Para a escola estoica, o sentido da vida consiste em deixar as coisas de acordo com a ordem natural.

Entre os mais renomados estoicos está Marco Túlio Cícero, que viveu entre 106 a.C. e 43 a.C. e também foi filósofo, orador, escritor e advogado. Nele podemos encontrar a seguinte interpretação sobre a razão de que falava Zenão:

A razão reta, conforme à natureza, gravada em todos os corações, imutável, eterna, cuja voz ensina e prescreve o bem, afasta do mal que proíbe e, ora com seus mandados, ora com suas proibições, jamais se dirige inutilmente aos bons, nem fica impotente ante os maus. Essa lei não pode ser contestada, nem derrogada em parte, nem anulada; não podemos ser isentos de seu cumprimento pelo povo nem pelo Senado; não há que procurar para ela outro comentador nem intérprete; não é uma lei em Roma e outra em Atenas, uma antes e outra depois, mas una, sempiterna e imutável, entre todos os povos e em todos os tempos; uno será sempre o seu imperador e mestre, que é Deus, seu inventor, sancionador e publicador, não podendo o homem desconhecê-la sem renegar-se a si mesmo, sem despojar-se do seu caráter humano e sem atrair sobre si a mais cruel expiação, embora tenha conseguido evitar todos os outros suplícios. (Cícero, Da república, 1995, p. 75)”

 

 

“Tomando as palavras acima, sem referência a seu autor e à época em que foram escritas, poderíamos dizer com tranquilidade que se trata da fala de um teólogo católico da Idade Média, defendendo que Deus é fonte última do bem, da lei e da justiça. Aliás, séculos depois, essa temática foi retomada por Santo Tomás de Aquino, quando expôs argumentação similar informando que o fundamento da lei natural é a lei divina, a qual pode o homem captar com sua inteligência.

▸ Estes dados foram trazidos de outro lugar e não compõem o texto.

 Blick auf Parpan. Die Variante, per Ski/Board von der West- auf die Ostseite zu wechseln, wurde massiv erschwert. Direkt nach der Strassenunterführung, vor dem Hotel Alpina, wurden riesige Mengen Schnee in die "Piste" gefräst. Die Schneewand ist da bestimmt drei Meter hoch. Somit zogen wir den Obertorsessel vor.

A seguir, apresentamos uma tira contemporânea que remete aos ensinamentos estoicos.

 


A tira de Calvin e Haroldo trata da felicidade, um assunto importante na temática da filosofia estoicista. Para os estoicos, o segredo da felicidade é o bem viver, e é necessário aceitar como naturais o sofrimento e a morte. Na tira, essa ideia é reforçada como parte de uma razão maior, que, embora se manifeste nas leis da natureza e no ciclo da vida, pelo homem, por sua condição finita e limitada, não pode ser plenamente compreendida, restando ao estoico a conformidade e a aceitação. Por meio dessa atitude de conformidade; racionalizada, é possível viver em paz. Trata-se de uma questão com a qual nos deparamos cotidianamente; as perdas que sofremos de entes queridos, por exemplo, impõem a nós a necessidade de dar um sentido ao sofrimento e à morte.

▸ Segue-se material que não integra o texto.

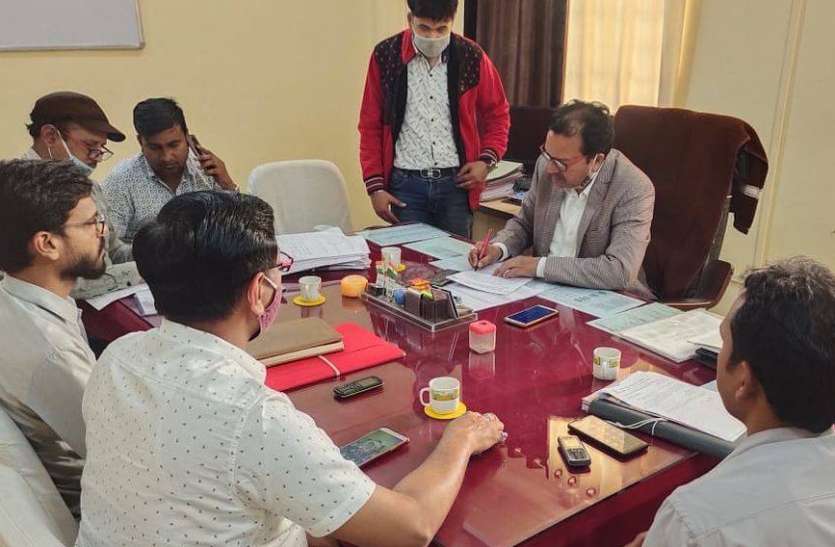 समझौता समिति की बैठक में साढ़े 12 लाख रुपए का किया समायोजन समझौता समिति की बैठक में साढ़े 12 लाख रुपए का किया समायोजन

Como mencionamos anteriormente, as filosofias helenísticas, como é o caso do estoicismo, buscavam apresentar uma alternativa ao problema da vida, que antes estava associado à vida pública na pólis. Contudo, num mundo em transformação e sob o domínio de um império, o caminho da felicidade talvez esteja na vida interior, no fortalecimento da própria subjetividade diante dos infortúnios. Ver o sofrimento e a morte como parte da vida constitui um dos pilares do estoicismo.

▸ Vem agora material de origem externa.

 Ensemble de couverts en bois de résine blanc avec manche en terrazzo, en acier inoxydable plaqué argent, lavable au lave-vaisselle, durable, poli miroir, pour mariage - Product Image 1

De modo geral, o homem estoico representa o protótipo do cristão – um indivíduo de vida simples e austera, de temperamento equilibrado e vontade inquebrantável, alguém que entrega sua vida ao logos (Deus), que governa o Universo. A partir dessa entrega, a vida ganha um novo sentido, e a felicidade surge como um horizonte de conformação com a vontade divina, com a crença de que Deus conhece e traçou todos os destinos dos homens e de que a vida orientada pela palavra divina e pelo magistério da Igreja garante a salvação dos convertidos.”

 

 

“A alternativa para vencer o mal e alcançar a salvação trazida pelo cristianismo teve na forma teísta, organizada com base em uma teologia racionalizada, sua grande novidade. Nesse momento, a herança recebida da religião judaica foi elevada a um novo nível, pois a doutrina monoteísta ganhou novos contornos conceituais com o pensamento platônico-aristotélico. Crer num único Deus criador e salvador tomou a forma de uma doutrina filosófica e moral ordenadora da vida individual e social. Assim, a reformulação conceitual em torno do mal passou a ser repensada com base no conceito de pecado como expressão do livre-arbítrio do homem. Ou seja, o mal é acima de tudo uma condição moral do homem que se afastou de Deus. Essa formulação, aliás, recebera no pensamento agostiniano sua forma mais acabada (Eliade, Tratado de história das religiões, 2008).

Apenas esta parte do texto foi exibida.